Give again, word for word, each line below starting at the one that contains "Renault Zoe E-Tech" and ending at the one that contains "Finger protection tape, width 2,5cm".

Start of Extracted entries

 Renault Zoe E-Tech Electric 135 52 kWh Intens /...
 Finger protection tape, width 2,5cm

End of Extracted entries
Start of Extracted entries

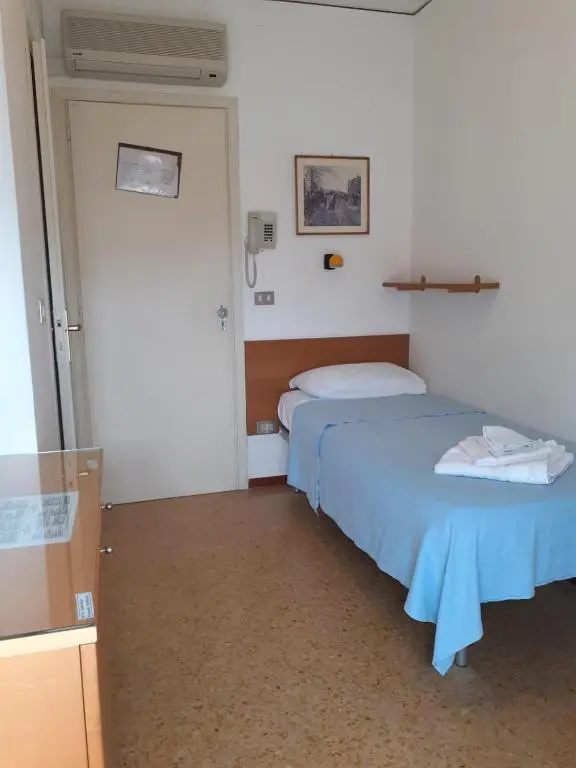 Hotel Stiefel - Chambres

End of Extracted entries

▶ _Worked solution_
 Renault Zoe E-Tech Electric 135 52 kWh Intens /...
 Finger protection tape, width 2,5cm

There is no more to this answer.